Skenario pertama menyangkut prinsip nilai konservasi tinggi. “Dalam skema ini, masyarakat Punan Batu dipastikan masih bisa tinggal di wilayah konsesi, tapi hak atas hutan berada di tangan perusahaan. Ini diambil jika negosiasi berlangsung agak sulit,” tuturnya. Dalam skema hidup nomadennya, orang Punan Batu tinggal di dalam goa dan sejumlah pondok yang mereka bangun dengan kayu dan terpal.
Opsi kedua mengacu pada skema perhutanan sosial. “Ini opsi yang moderat, Artinya Punan Batu dan perusahaan sama-sama mengelola hutan dengan kepentingan masing-masing. Ada jalan tengah dan perjanjian,” kata Taufiq. Opsi terakhir adalah hutan adat. Ini merupakan skema paling ideal untuk menjamin hak Punan Batu atas ruang hidup mereka. Namun, jalan menuju kesepakatan soal hutan adat akan terjal.
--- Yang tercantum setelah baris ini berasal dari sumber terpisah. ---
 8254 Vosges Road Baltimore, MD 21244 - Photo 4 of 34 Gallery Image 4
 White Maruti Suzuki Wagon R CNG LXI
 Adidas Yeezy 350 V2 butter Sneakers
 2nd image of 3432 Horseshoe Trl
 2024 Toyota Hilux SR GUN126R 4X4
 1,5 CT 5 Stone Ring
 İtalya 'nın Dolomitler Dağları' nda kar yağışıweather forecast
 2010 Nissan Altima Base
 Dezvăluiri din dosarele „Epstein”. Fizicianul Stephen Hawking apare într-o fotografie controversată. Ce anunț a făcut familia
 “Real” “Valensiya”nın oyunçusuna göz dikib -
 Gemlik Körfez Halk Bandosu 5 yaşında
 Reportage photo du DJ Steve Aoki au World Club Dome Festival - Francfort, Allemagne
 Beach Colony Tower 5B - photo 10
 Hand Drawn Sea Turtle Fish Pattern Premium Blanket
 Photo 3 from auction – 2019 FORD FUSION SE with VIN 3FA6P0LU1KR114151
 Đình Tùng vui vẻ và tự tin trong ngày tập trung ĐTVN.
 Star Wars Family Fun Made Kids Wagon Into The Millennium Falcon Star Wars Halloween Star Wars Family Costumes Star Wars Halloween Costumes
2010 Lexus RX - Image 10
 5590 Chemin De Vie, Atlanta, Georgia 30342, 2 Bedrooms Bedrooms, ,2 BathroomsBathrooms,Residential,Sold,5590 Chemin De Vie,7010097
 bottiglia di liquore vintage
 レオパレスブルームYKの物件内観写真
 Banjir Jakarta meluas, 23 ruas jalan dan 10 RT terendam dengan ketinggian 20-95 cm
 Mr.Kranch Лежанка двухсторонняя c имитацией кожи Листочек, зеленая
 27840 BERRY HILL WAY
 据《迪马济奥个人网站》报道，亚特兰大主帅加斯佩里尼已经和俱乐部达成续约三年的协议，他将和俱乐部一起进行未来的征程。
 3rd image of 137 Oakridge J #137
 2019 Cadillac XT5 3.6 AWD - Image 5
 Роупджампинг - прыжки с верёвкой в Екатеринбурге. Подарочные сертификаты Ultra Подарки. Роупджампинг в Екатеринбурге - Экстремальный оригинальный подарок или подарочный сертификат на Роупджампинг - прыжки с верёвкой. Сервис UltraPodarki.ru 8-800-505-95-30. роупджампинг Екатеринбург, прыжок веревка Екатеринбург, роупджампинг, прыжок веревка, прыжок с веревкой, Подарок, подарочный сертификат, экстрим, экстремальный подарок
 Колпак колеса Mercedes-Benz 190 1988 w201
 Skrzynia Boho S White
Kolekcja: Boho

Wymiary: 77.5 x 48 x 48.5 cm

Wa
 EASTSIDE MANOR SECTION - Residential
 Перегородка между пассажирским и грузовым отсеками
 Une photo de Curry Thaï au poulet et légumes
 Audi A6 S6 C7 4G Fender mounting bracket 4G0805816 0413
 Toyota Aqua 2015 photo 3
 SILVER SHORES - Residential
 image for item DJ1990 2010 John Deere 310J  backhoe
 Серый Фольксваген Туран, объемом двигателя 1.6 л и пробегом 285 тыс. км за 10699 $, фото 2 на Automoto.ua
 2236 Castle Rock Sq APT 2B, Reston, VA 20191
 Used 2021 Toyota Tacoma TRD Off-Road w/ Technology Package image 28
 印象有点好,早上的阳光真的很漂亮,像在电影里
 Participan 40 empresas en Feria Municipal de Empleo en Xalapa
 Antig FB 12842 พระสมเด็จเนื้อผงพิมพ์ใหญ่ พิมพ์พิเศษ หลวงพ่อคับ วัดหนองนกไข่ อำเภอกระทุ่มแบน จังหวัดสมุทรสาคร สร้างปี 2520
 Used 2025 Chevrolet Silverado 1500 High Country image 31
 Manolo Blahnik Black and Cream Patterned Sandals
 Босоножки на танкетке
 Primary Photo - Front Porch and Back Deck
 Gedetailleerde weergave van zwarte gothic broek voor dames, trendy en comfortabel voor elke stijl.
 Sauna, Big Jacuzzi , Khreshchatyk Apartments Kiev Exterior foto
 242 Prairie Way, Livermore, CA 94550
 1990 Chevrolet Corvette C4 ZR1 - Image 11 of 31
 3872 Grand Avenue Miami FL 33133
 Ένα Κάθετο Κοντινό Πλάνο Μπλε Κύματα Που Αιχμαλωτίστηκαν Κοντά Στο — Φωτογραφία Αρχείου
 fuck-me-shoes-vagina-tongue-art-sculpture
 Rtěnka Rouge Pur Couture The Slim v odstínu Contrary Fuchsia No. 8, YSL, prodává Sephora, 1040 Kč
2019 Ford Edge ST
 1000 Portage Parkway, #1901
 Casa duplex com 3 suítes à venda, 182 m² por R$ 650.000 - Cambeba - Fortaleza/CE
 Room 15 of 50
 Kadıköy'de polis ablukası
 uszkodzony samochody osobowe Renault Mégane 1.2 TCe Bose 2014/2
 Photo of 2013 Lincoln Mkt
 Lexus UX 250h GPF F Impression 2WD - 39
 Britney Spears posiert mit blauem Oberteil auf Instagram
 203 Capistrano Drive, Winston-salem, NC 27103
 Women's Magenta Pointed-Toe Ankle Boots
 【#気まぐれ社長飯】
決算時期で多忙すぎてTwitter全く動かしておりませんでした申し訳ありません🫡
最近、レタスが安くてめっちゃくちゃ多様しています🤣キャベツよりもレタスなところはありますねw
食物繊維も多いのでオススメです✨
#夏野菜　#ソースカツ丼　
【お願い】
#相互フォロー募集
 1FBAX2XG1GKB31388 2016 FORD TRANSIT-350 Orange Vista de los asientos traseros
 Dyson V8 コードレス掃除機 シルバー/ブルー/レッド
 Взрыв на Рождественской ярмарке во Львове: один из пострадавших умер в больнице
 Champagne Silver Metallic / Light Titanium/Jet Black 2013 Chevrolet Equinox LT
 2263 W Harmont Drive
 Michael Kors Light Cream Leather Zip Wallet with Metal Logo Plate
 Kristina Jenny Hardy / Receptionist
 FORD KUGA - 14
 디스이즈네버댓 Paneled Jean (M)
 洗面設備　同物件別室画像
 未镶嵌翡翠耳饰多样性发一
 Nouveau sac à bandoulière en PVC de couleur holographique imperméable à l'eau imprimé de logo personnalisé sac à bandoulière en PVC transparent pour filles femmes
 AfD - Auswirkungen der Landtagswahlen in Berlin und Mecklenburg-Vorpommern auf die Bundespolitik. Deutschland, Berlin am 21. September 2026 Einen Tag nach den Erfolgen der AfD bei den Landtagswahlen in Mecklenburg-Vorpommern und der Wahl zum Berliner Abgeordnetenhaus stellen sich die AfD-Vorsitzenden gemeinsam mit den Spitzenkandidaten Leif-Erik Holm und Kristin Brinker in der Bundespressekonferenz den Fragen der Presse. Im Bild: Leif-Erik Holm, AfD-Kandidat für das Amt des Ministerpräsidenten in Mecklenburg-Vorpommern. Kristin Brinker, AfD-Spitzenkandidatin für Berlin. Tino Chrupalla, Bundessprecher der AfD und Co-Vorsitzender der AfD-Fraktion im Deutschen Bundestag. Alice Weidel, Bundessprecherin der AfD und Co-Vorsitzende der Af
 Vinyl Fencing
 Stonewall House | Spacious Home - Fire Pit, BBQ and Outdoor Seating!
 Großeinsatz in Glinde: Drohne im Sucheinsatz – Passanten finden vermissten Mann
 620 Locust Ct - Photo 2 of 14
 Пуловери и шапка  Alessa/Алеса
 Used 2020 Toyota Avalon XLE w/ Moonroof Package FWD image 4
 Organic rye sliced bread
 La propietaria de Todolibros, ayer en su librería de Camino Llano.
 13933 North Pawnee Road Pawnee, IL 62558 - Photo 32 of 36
Nasib Punan Batu, ujar Dollop Mamung, laki-laki paruh baya dari kelompok Punan Tubu, semestinya tidak serupa dengan Punan lainnya yang lebih dulu disentuh program pembangunan. “Tahun 1970-an banyak betul orang Punan Tubu yang dimukimkan ke perkampungan. Hidup mereka jadi susah karena tidak punya hutan. Hutan lebih mampu kasih mereka makan daripada harus tunggu bantuan,” kata Dollop Mamung.●(Zian)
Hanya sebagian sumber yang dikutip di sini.